[Problem to work on] The lines to repeat are those below from the one containing "Used 2024 Ford Edge SEL image 33" down to the one containing "Download lagu Irina shayk🥰🥰🥰😘 mp3", both included; reproduce them exactly and nothing else.
═══ Records supplied
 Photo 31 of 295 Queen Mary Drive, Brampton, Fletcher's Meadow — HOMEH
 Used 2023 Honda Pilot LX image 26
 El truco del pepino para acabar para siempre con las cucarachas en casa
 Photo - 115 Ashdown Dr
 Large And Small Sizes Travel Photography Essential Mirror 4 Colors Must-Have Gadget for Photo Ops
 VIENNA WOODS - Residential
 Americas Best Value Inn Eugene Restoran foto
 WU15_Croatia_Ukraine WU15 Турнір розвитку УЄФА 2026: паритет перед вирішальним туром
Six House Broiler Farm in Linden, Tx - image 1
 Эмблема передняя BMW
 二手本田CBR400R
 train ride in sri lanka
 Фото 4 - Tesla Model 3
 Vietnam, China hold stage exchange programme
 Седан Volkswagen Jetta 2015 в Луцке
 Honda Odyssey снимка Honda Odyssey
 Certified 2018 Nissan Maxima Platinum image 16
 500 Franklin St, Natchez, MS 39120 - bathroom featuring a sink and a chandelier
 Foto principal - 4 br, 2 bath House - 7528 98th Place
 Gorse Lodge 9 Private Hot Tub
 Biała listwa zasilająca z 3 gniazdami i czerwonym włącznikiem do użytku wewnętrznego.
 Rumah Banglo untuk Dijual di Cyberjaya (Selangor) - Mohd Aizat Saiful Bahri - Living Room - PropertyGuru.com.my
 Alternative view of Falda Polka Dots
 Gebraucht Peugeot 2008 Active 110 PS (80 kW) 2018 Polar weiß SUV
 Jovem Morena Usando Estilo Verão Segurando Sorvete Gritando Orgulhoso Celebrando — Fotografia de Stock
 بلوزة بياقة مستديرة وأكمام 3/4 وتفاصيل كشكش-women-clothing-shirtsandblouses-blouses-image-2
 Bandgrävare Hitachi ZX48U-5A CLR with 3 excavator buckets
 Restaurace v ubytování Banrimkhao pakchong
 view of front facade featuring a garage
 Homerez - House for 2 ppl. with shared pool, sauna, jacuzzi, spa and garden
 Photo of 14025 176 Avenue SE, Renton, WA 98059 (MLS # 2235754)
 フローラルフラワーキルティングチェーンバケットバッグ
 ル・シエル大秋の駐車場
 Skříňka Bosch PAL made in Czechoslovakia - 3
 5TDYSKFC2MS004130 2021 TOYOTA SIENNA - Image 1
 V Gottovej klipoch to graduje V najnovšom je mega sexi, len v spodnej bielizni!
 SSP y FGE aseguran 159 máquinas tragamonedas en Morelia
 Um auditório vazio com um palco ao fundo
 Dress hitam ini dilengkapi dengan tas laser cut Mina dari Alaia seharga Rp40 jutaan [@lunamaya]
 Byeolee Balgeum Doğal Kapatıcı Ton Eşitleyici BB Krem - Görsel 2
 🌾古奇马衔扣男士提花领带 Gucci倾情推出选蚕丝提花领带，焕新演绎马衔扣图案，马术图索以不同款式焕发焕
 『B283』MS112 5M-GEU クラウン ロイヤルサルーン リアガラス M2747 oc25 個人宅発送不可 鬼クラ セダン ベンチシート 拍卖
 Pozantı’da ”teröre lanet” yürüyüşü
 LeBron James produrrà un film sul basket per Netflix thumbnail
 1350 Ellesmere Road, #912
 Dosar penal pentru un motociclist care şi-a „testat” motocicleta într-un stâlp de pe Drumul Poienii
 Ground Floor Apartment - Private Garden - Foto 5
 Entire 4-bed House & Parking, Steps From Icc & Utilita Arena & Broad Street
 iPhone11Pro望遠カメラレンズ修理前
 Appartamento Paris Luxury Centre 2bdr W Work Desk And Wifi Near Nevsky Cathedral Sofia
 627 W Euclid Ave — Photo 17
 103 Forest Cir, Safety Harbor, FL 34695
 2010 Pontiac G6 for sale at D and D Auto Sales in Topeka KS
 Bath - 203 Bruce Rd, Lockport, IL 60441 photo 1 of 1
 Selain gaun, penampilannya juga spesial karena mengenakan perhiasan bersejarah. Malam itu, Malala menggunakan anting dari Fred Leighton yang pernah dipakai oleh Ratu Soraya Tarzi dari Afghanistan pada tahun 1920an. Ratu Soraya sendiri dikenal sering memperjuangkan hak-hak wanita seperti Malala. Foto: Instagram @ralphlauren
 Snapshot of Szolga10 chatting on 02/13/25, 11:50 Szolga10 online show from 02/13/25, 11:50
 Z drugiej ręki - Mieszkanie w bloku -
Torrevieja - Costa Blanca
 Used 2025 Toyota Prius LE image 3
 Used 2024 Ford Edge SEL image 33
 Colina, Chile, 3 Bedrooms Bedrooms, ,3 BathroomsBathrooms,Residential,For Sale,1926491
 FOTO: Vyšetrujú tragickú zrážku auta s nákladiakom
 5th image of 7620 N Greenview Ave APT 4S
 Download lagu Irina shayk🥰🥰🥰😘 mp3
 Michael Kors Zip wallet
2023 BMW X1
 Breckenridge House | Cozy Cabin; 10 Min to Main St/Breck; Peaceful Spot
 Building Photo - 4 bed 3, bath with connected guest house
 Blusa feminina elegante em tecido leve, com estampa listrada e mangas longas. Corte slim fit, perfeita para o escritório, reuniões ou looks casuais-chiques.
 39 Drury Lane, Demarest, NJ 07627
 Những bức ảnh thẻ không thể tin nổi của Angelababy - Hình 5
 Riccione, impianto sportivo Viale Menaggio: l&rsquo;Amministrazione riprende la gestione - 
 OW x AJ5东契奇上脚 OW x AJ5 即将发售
══════
[Solution for this task]
 Used 2024 Ford Edge SEL image 33
 Colina, Chile, 3 Bedrooms Bedrooms, ,3 BathroomsBathrooms,Residential,For Sale,1926491
 FOTO: Vyšetrujú tragickú zrážku auta s nákladiakom
 5th image of 7620 N Greenview Ave APT 4S
 Download lagu Irina shayk🥰🥰🥰😘 mp3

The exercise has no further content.